Pero la bomba es la literatura misma de O’Brien, todavía excéntrica y desafiante. Al igual que el J. G. Farrell de Disturbios (1970), O’Brien asistió al final de una época, a la que la Primera Guerra Mundial y su promesa no cumplida de que sería la última puso fin de manera cruenta, pero también al derrumbe del Imperio británico, la independencia de Irlanda tras la guerra mantenida entre el Reino Unido y el Ejército Republicano Irlandés entre 1919 y 1921 y otra guerra mundial; un tiempo, en palabras de Farrell, “de cambio, inseguridad y deterioro” en el que el problema de la autoridad se vio puesto de manifiesto con especial dureza: la asfixia que constituye el fondo de sus novelas, el hartazgo de las convenciones sociales, del estancamiento y la pobreza fueron su respuesta a esos tiempos.

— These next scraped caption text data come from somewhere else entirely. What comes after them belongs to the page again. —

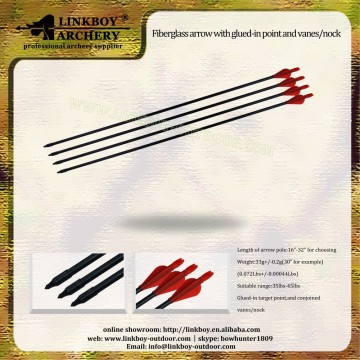 linkboy LBA008 glued-in point and vanes/nock fiberglass arrow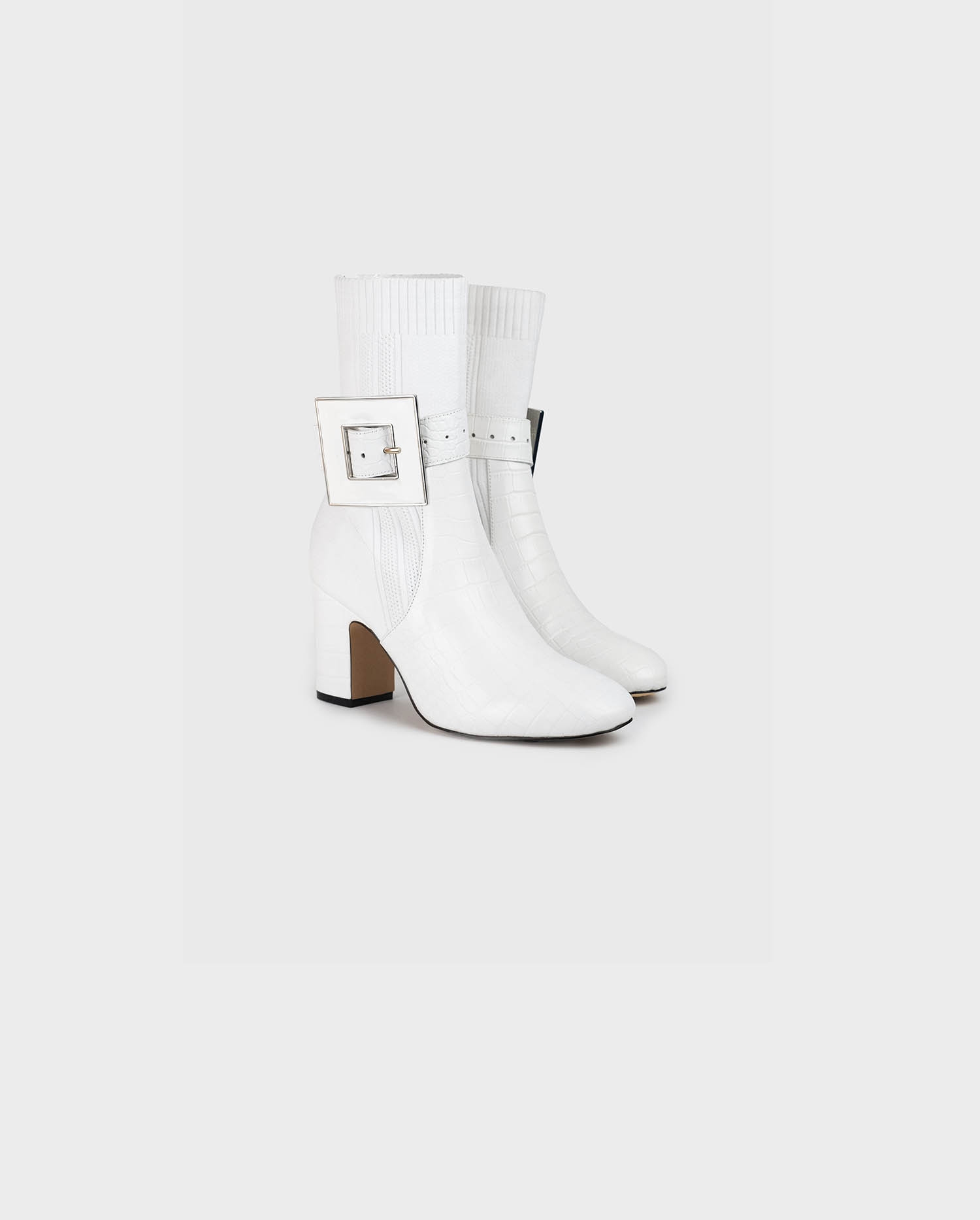 Discover the NOEMIE White Sock Boots With Removable Buckle and Croc-Embossed Details from ANNE FONTAINE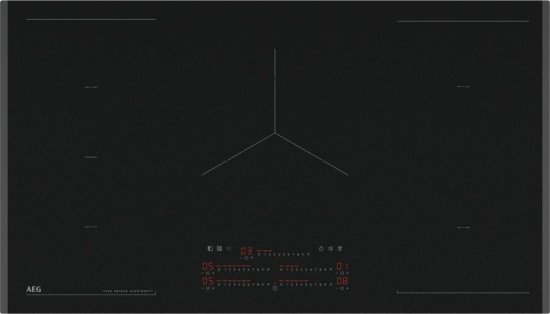 כיריים אינדוקציה 5 אזורי בישול 90 ס''מ AEG Maxisense NIK95N00FB 7350W - צבע שחור - תוצרת גרמניה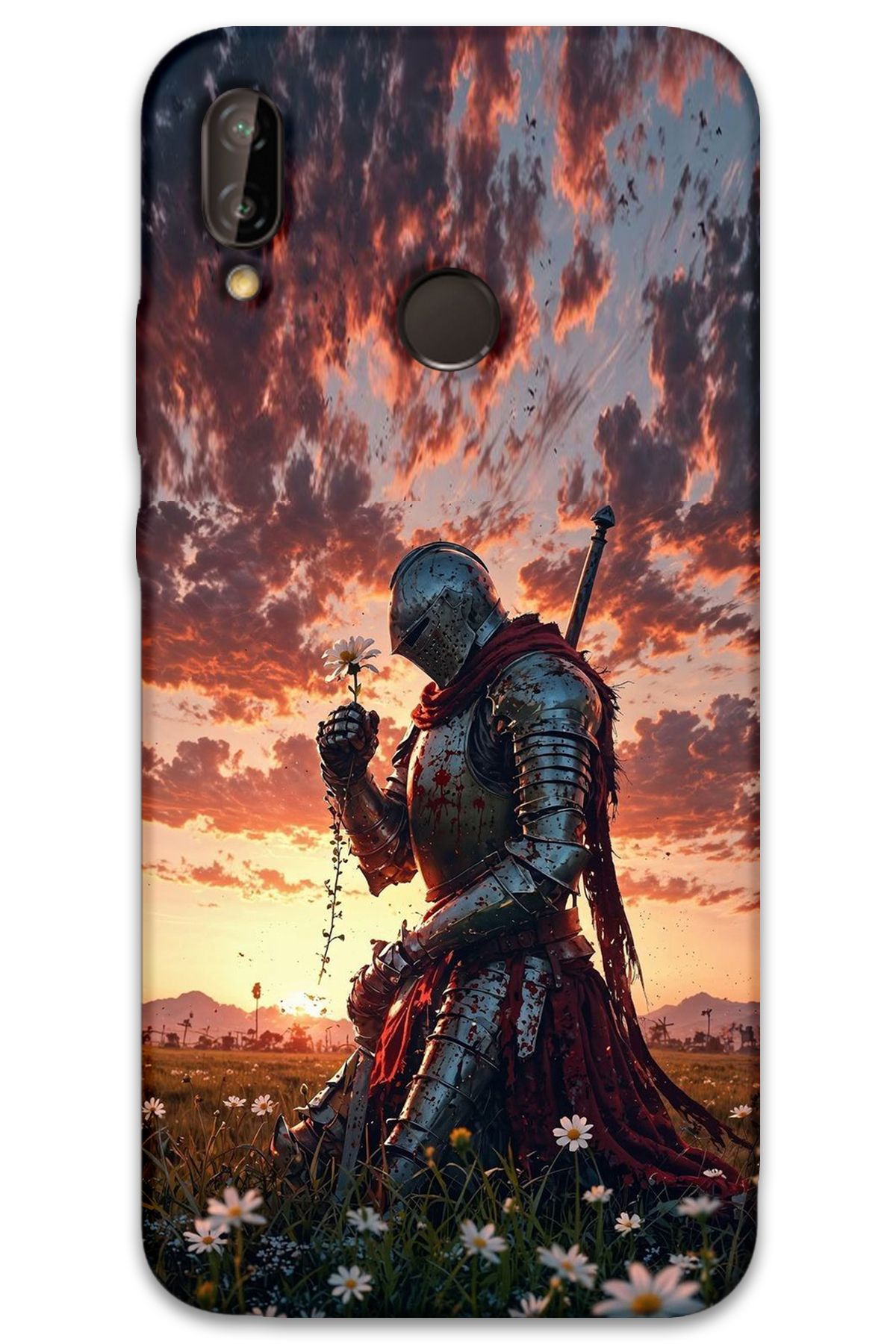 Gramaphone Huawei P Smart 2019 Uyumlu Retro Desenli Telefon Kılıfı + Ekran Koruyucu - 5842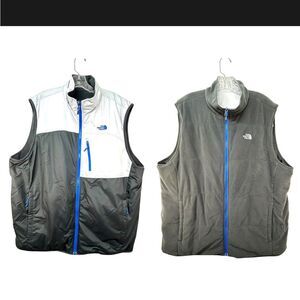 The North Face Vest Mens reversible vest grey blue Windstopper Fleece Full Zip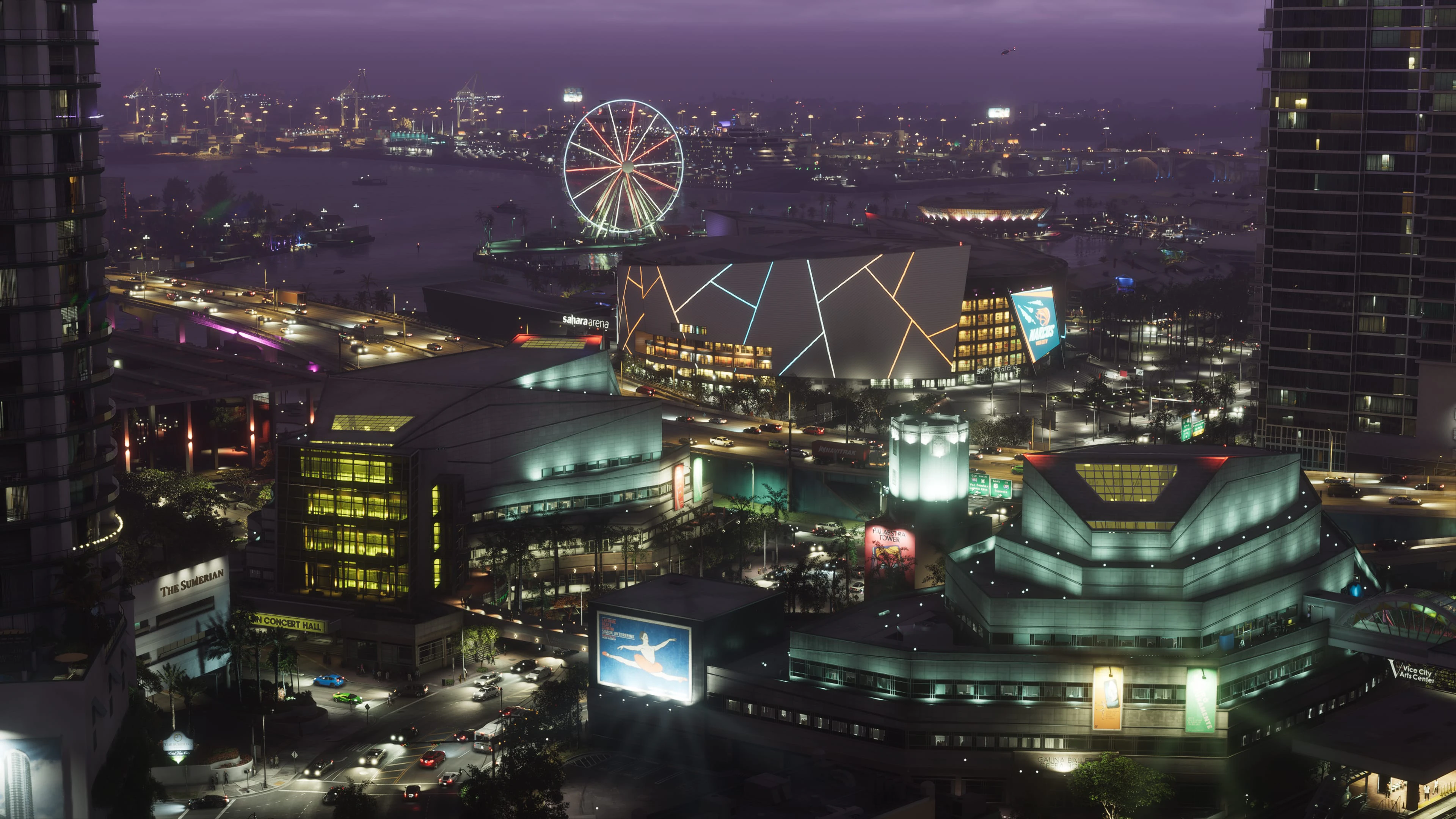 A financial, entertainment, and transport district operating across Vice City after dark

O’Brien forma parte de la primera plana de los escritores irlandeses del siglo xx junto a James Joyce (O’Brien inauguró con un puñado de amigos la práctica de celebrar el Bloomsday, en 1954) y a Samuel Beckett, pero su sombra es más alargada, y se proyecta hacia atrás (existe un vínculo evidente entre sus libros y los de Jonathan Swift, así como con el Tristram Shandy, de Sterne, y la ruidosa perplejidad de Buster Keaton) al igual que hacia delante: sin él, es posible que no hubiesen existido Spike Milligan, el humor de los Beatles, los Monty Python, la novela posmoderna. De manera más general, no existiría el género de las obras que se fagocitan a sí mismas tras haber devorado todo lo que está a su alcance, que en el caso de O’Brien eran la prensa de sucesos, las novelas piadosas, las baladas tradicionales, las novelas de vaqueros, la literatura tradicionalista gaélica. Quién ejerce la autoridad, incluso en las novelas, es un tema central de su literatura, pero también de las obras de los autores mencionados. “No habrá nadie como ellos”, dice el Bonaparte Ó Cúnasa de La boca pobre, y, aunque esto tal vez no sea especialmente lamentable, dada su (muy gaélica) miseria y desesperación, sí constituye una pérdida evidente para la literatura. Pero están sus libros, que abren una puerta a una rebelión hilarante, el tipo de respuesta al poder que proviene del humor y de la anarquía. Dylan Thomas, James Joyce, Samuel Beckett, Graham Greene, Jorge Luis Borges, William Saroyan, Anthony Cronin y Guillermo Cabrera Infante están entre sus ilustres lectores, y ahora usted. Bienvenida/o a esta sucesión de explosiones.